The imaginary unit, denoted as \(i\), is a fundamental concept in complex numbers. It is defined such that \(i^2 = -1\). This definition allows us to work with square roots of negative numbers, which are not possible in the set of real numbers. The introduction of the imaginary unit extends the real number system to form what is known as the complex number system.
Using the imaginary unit, any negative square roots can be expressed in terms of \(i\). For instance, the square root of \(-4\) is \(2i\), because when you square \(2i\), you get \(4i^2\), and since \(i^2 = -1\), it's \(4(-1) = -4\). This essential building block allows for more comprehensive solutions to equations that don't have real number solutions.
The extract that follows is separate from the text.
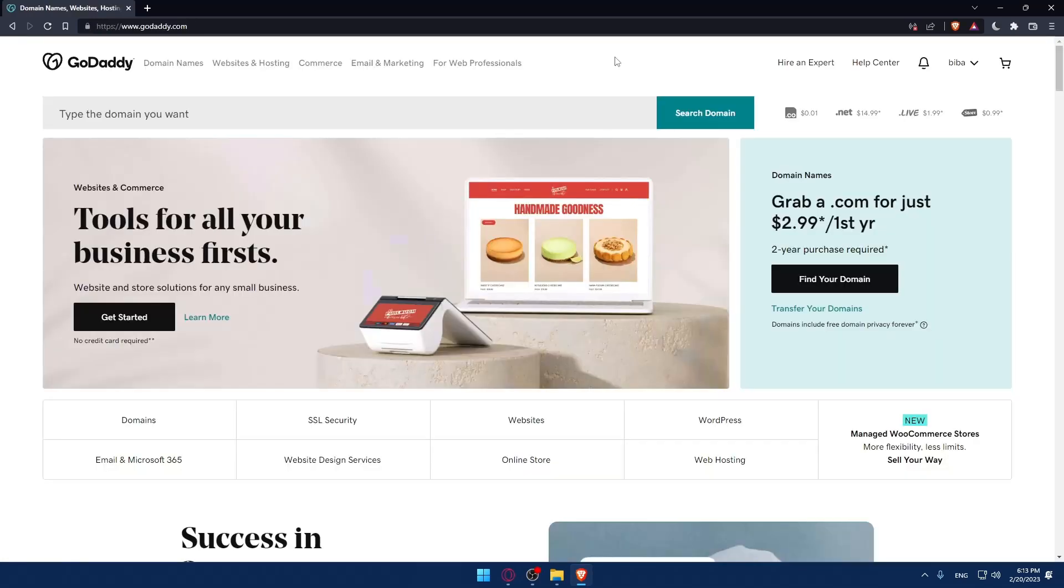As mentioned at the beginning, we're showing you how to renew a domain on GoDaddy. After signing into your account,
The powers of \(i\) exhibit a cyclical pattern, repeating every four powers. Understanding this repeating cycle is crucial when working with expressions involving \(i\).
Here is the pattern:

• \(i^1 = i\)
• \(i^2 = -1\)
• \(i^3 = -i\)
• \(i^4 = 1\)

After that, the cycle repeats: \(i^5 = i\), \(i^6 = -1\), and so on. Recognizing this pattern helps simplify complex expressions and solve equations more easily. For example, if you encounter \(i^3\) in a problem, you can directly replace it with \(-i\), simplifying computations significantly.
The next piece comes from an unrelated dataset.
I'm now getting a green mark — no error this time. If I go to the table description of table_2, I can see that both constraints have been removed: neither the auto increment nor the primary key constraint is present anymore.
When dealing with complex numbers and expressions that include \(i\), simplifying them helps turn the expression into a more manageable form. One common technique is eliminating \(i\) from the denominator.
Consider the expression \(\frac{1}{i}\). To simplify, multiply both the numerator and the denominator by \(i\), which yields \(-i\), as shown in the solution. Similarly, for \(\frac{4}{i^3}\), substituting \(i^3 = -i\) and then performing multiplication to remove \(i\) from the denominator results in \(-4i\). This process makes arithmetic simpler and leads to combining like terms more straightforwardly.
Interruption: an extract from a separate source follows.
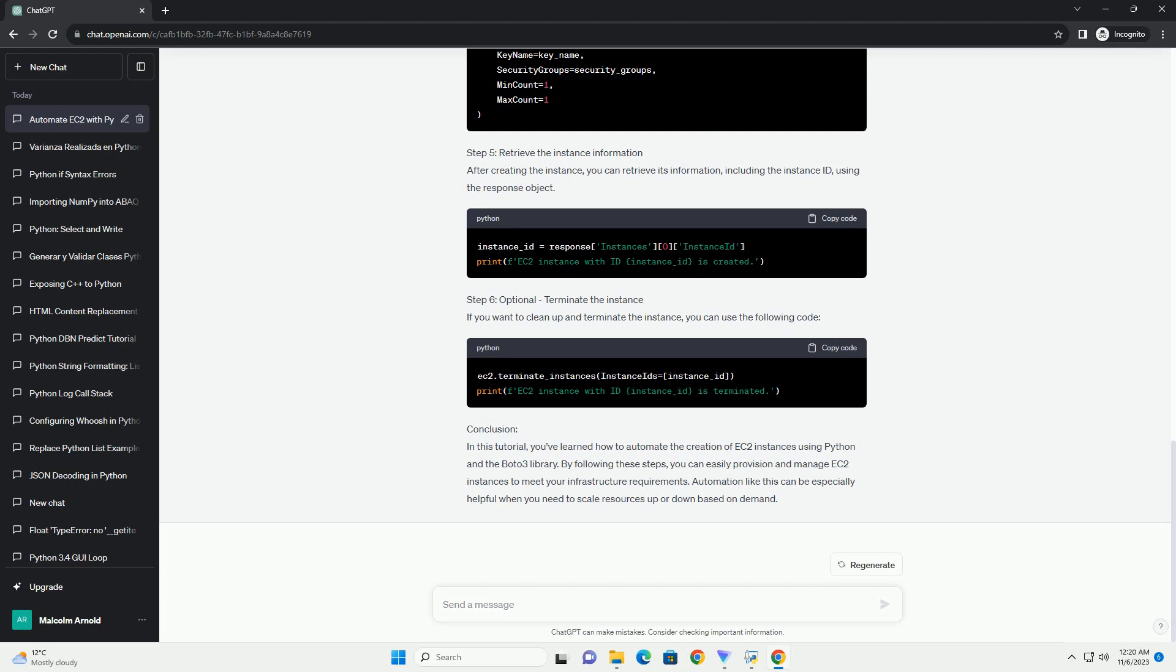Conclusion: In this tutorial, you've learned how to automate the creation of EC2 instances using Python and the Boto3 library. By following these steps, you can easily provision and manage EC2 instances to meet your infrastructure requirements. Automation like this can be especially helpful when you need to scale resources up or down based on demand. ChatGPT.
A complex number is typically written in the form \(a + bi\), where \(a\) is the real part, and \(bi\) is the imaginary part. This form helps easily recognize and categorize complex numbers.
In the given problem, after simplifying the expressions, we ended up with \(-5i\). This result can be viewed as a complex number with a real part of 0 (since no real numbers are included) and an imaginary part of \(-5i\). Writing complex numbers in this standardized form aids in performing operations, such as addition or multiplication, and assures consistency across mathematical solutions.